The noble Lord, Lord O'Neill of the Maine, is perhaps less well known to us from direct experience in this House than is the noble Baroness, but I think I speak for the whole House when I say that I know of no appointment to your Lordships' House that gave us greater satisfaction than that of the noble Lord, Lord O'Neill. In referring to his ancestry I have to be careful, because if we really looked at what his ancestors did it might give rise to further disturbances in Northern Ireland. But the name "O'Neill" is deeply embedded in Irish history and it is particularly satisfactory to us to recognise the noble Lord's own courageous efforts in the interests of peace and stability in his native Province. He knew full well the political risks he was taking, and although I believe every Member of your Lordships' House regretted his departure from the Premiership of Northern Ireland, we were very pleased to welcome him here. I repeat what I said when I wrote to him to congratulate him on his elevation: that we in your Lordships' House are all "O'Neillites" and that his qualities were recognised on both sides of the Border and both sides of the Irish Sea.

I notice there has been a good deal of publicity about the Prime Minister's love and interest in music, but he is not the only musician in the Conservative Party. Lord O'Neill is a devout music lover, so much so that I am told that during the last war he nearly endangered a military position a mere hundred yards from the enemy by arriving singing grand opera. And his love of music, which has taken him frequently to the Albert Hall, I am told is equalled by the loudness of his laugh, which on one occasion led to his expulsion. His speech reflected the wisdom and the toleration that we have expected from him; it was a speech of high calibre and its wisdom was appreciated by us all.

May I now turn to the noble Baroness's speech? It is always a salutary experience, when seeking to find out the quality of a politician, to ask the opinion of her political opponents. This I did; and I was impressed by the high regard in which she is held by those who have been engaged with her and her husband in local government. I am bound to say that we have all been deeply impressed by them both. I am not sure whether they were the first husband and wife Members of your Lorships' House. We seem to be adding to them. I am glad to see a new noble Baroness on the Front Bench opposite; and there are my noble friends Lord and Lady Llewelyn-Davies. The noble Lord, Lord Brooke, and the noble Baroness, will know that although on occasion I have made caustic remarks, this in no way detracts from my admiration for the noble Baroness.

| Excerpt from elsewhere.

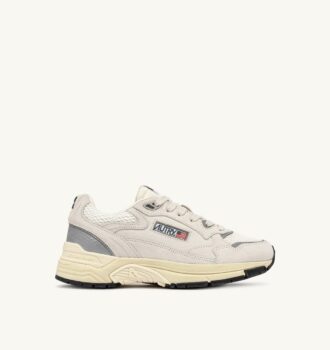 HYPERWAY SNEAKER AUS WEISSEM UND SILBERNEN MESH- UND WILDLEDER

Indeed her remarks about politicians are important, because the public do not frequently give credit to the genuine devotion of a politician to a cause. I may disagree with the noble Baroness on many matters, but I know, for instance, of her devotion to the Godolphin and Latymer School and how she has never ceased to work for it. This remark, I may say, is made without prejudice to my opinions on some of her other views on comprehensive education, which I shall not go into to-day. We know that she has had a lifelong interest in nursing and the Health Service and has brought immense energy to bear in making a contribution to the welfare of her fellow men. Again may I say that we greatly enjoyed her speech.

My Lords, it is customary, at least on the occasion of the Queen's Speech at the beginning of a Parliament—and in this I follow the precedent set by the noble Lord, Lord Carrington—that we should, so far as possible, eschew controversy on this day. However, it would be misleading—although in fact noble Lords would not be misled—if there should be any suggestion that there are not matters and policies contained or implicit in, or omitted from, the Queen's Speech which will not be the subject of condemnation by my Party. While I personally regret that the Reform of your Lordships' House, on which the overwhelming majority of us were agreed, was frustrated, and therefore we have to carry on as best we can, the Government need have no doubt that the Opposition will carry on with great vigour. I always hesitate to use the word "constructive", because it almost invariably means that one is going to be unconstructive. But I can promise noble Lords opposite that we shall not take undue advantage of the freedom and the looseness of our procedure, which could totally stultify your Lordships' business, nor shall we fail to argue matters with vigour and the strength that we feel.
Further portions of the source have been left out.